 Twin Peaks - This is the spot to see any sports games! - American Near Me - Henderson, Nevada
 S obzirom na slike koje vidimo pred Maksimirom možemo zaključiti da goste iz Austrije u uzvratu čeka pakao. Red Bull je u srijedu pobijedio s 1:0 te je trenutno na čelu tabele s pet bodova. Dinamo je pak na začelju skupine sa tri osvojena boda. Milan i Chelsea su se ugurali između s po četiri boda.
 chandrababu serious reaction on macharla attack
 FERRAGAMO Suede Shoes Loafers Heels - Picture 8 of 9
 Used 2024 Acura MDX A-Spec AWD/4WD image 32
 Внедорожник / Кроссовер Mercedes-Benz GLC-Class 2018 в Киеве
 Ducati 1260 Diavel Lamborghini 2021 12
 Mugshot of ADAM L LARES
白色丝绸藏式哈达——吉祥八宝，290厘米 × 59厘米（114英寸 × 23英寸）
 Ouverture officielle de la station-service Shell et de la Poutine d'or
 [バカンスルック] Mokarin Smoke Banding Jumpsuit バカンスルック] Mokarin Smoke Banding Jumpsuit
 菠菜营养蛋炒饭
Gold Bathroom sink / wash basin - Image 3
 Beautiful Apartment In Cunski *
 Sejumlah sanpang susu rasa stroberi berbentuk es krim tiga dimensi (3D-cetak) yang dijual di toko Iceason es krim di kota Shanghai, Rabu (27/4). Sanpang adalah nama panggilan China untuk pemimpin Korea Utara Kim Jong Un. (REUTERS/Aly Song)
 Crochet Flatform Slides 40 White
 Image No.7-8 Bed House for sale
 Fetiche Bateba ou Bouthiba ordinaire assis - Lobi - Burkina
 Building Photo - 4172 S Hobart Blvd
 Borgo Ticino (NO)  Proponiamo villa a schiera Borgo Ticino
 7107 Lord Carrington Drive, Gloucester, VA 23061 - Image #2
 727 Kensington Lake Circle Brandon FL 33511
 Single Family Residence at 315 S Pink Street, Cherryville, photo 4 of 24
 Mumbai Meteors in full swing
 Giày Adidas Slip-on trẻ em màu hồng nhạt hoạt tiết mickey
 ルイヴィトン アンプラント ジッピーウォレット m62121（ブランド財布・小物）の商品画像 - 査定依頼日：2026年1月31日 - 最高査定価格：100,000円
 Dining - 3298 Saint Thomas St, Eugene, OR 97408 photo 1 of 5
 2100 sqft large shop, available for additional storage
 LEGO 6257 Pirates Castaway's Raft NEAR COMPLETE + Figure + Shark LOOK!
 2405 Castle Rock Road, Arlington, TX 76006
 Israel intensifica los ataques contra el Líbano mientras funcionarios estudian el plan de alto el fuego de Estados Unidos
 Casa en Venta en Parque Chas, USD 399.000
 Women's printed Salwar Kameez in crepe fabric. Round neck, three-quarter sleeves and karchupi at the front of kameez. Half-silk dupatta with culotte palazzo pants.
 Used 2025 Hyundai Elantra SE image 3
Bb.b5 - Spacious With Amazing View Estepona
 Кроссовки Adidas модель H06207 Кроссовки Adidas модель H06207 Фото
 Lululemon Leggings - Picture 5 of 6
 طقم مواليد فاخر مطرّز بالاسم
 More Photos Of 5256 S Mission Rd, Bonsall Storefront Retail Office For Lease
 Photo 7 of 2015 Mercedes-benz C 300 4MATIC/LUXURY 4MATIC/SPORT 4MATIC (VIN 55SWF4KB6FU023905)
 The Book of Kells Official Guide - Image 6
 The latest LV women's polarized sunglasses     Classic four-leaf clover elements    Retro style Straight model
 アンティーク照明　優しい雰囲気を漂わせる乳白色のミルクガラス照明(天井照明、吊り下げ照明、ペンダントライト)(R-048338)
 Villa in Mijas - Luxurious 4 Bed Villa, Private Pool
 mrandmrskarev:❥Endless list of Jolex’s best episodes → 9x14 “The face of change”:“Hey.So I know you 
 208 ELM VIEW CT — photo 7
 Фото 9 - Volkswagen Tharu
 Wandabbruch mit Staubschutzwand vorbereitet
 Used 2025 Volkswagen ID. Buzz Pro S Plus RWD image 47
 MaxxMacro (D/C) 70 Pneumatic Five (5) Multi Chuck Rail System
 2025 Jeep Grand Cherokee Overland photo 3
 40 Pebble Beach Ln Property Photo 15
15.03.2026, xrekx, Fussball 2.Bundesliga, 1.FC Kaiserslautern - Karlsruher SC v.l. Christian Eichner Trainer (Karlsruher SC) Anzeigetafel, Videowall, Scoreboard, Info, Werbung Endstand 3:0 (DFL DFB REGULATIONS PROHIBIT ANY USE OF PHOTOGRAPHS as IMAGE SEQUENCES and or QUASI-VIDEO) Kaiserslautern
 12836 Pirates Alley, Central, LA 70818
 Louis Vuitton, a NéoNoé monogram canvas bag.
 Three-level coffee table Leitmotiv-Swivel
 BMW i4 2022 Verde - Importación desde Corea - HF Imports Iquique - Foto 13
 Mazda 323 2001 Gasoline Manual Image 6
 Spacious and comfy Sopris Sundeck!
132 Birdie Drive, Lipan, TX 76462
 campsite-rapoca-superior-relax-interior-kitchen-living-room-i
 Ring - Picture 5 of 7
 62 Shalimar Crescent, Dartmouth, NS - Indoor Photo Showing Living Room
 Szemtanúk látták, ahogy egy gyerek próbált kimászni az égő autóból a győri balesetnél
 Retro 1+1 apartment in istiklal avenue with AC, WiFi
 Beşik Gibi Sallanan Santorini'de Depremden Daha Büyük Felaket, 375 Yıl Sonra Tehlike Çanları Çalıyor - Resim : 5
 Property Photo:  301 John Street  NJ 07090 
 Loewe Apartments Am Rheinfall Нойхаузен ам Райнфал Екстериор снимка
------------------------------------
*TASK OBJECTIVE*
Please print the records above exactly, leaving nothing out.

*YOUR RESPONSE*
 Twin Peaks - This is the spot to see any sports games! - American Near Me - Henderson, Nevada
 S obzirom na slike koje vidimo pred Maksimirom možemo zaključiti da goste iz Austrije u uzvratu čeka pakao. Red Bull je u srijedu pobijedio s 1:0 te je trenutno na čelu tabele s pet bodova. Dinamo je pak na začelju skupine sa tri osvojena boda. Milan i Chelsea su se ugurali između s po četiri boda.
 chandrababu serious reaction on macharla attack
 FERRAGAMO Suede Shoes Loafers Heels - Picture 8 of 9
 Used 2024 Acura MDX A-Spec AWD/4WD image 32
 Внедорожник / Кроссовер Mercedes-Benz GLC-Class 2018 в Киеве
 Ducati 1260 Diavel Lamborghini 2021 12
 Mugshot of ADAM L LARES
白色丝绸藏式哈达——吉祥八宝，290厘米 × 59厘米（114英寸 × 23英寸）
 Ouverture officielle de la station-service Shell et de la Poutine d'or
 [バカンスルック] Mokarin Smoke Banding Jumpsuit バカンスルック] Mokarin Smoke Banding Jumpsuit
 菠菜营养蛋炒饭
Gold Bathroom sink / wash basin - Image 3
 Beautiful Apartment In Cunski *
 Sejumlah sanpang susu rasa stroberi berbentuk es krim tiga dimensi (3D-cetak) yang dijual di toko Iceason es krim di kota Shanghai, Rabu (27/4). Sanpang adalah nama panggilan China untuk pemimpin Korea Utara Kim Jong Un. (REUTERS/Aly Song)
 Crochet Flatform Slides 40 White
 Image No.7-8 Bed House for sale
 Fetiche Bateba ou Bouthiba ordinaire assis - Lobi - Burkina
 Building Photo - 4172 S Hobart Blvd
 Borgo Ticino (NO)  Proponiamo villa a schiera Borgo Ticino
 7107 Lord Carrington Drive, Gloucester, VA 23061 - Image #2
 727 Kensington Lake Circle Brandon FL 33511
 Single Family Residence at 315 S Pink Street, Cherryville, photo 4 of 24
 Mumbai Meteors in full swing
 Giày Adidas Slip-on trẻ em màu hồng nhạt hoạt tiết mickey
 ルイヴィトン アンプラント ジッピーウォレット m62121（ブランド財布・小物）の商品画像 - 査定依頼日：2026年1月31日 - 最高査定価格：100,000円
 Dining - 3298 Saint Thomas St, Eugene, OR 97408 photo 1 of 5
 2100 sqft large shop, available for additional storage
 LEGO 6257 Pirates Castaway's Raft NEAR COMPLETE + Figure + Shark LOOK!
 2405 Castle Rock Road, Arlington, TX 76006
 Israel intensifica los ataques contra el Líbano mientras funcionarios estudian el plan de alto el fuego de Estados Unidos
 Casa en Venta en Parque Chas, USD 399.000
 Women's printed Salwar Kameez in crepe fabric. Round neck, three-quarter sleeves and karchupi at the front of kameez. Half-silk dupatta with culotte palazzo pants.
 Used 2025 Hyundai Elantra SE image 3
Bb.b5 - Spacious With Amazing View Estepona
 Кроссовки Adidas модель H06207 Кроссовки Adidas модель H06207 Фото
 Lululemon Leggings - Picture 5 of 6
 طقم مواليد فاخر مطرّز بالاسم
 More Photos Of 5256 S Mission Rd, Bonsall Storefront Retail Office For Lease
 Photo 7 of 2015 Mercedes-benz C 300 4MATIC/LUXURY 4MATIC/SPORT 4MATIC (VIN 55SWF4KB6FU023905)
 The Book of Kells Official Guide - Image 6
 The latest LV women's polarized sunglasses     Classic four-leaf clover elements    Retro style Straight model
 アンティーク照明　優しい雰囲気を漂わせる乳白色のミルクガラス照明(天井照明、吊り下げ照明、ペンダントライト)(R-048338)
 Villa in Mijas - Luxurious 4 Bed Villa, Private Pool
 mrandmrskarev:❥Endless list of Jolex’s best episodes → 9x14 “The face of change”:“Hey.So I know you 
 208 ELM VIEW CT — photo 7
 Фото 9 - Volkswagen Tharu
 Wandabbruch mit Staubschutzwand vorbereitet
 Used 2025 Volkswagen ID. Buzz Pro S Plus RWD image 47
 MaxxMacro (D/C) 70 Pneumatic Five (5) Multi Chuck Rail System
 2025 Jeep Grand Cherokee Overland photo 3
 40 Pebble Beach Ln Property Photo 15
15.03.2026, xrekx, Fussball 2.Bundesliga, 1.FC Kaiserslautern - Karlsruher SC v.l. Christian Eichner Trainer (Karlsruher SC) Anzeigetafel, Videowall, Scoreboard, Info, Werbung Endstand 3:0 (DFL DFB REGULATIONS PROHIBIT ANY USE OF PHOTOGRAPHS as IMAGE SEQUENCES and or QUASI-VIDEO) Kaiserslautern
 12836 Pirates Alley, Central, LA 70818
 Louis Vuitton, a NéoNoé monogram canvas bag.
 Three-level coffee table Leitmotiv-Swivel
 BMW i4 2022 Verde - Importación desde Corea - HF Imports Iquique - Foto 13
 Mazda 323 2001 Gasoline Manual Image 6
 Spacious and comfy Sopris Sundeck!
132 Birdie Drive, Lipan, TX 76462
 campsite-rapoca-superior-relax-interior-kitchen-living-room-i
 Ring - Picture 5 of 7
 62 Shalimar Crescent, Dartmouth, NS - Indoor Photo Showing Living Room
 Szemtanúk látták, ahogy egy gyerek próbált kimászni az égő autóból a győri balesetnél
 Retro 1+1 apartment in istiklal avenue with AC, WiFi
 Beşik Gibi Sallanan Santorini'de Depremden Daha Büyük Felaket, 375 Yıl Sonra Tehlike Çanları Çalıyor - Resim : 5
 Property Photo:  301 John Street  NJ 07090 
 Loewe Apartments Am Rheinfall Нойхаузен ам Райнфал Екстериор снимка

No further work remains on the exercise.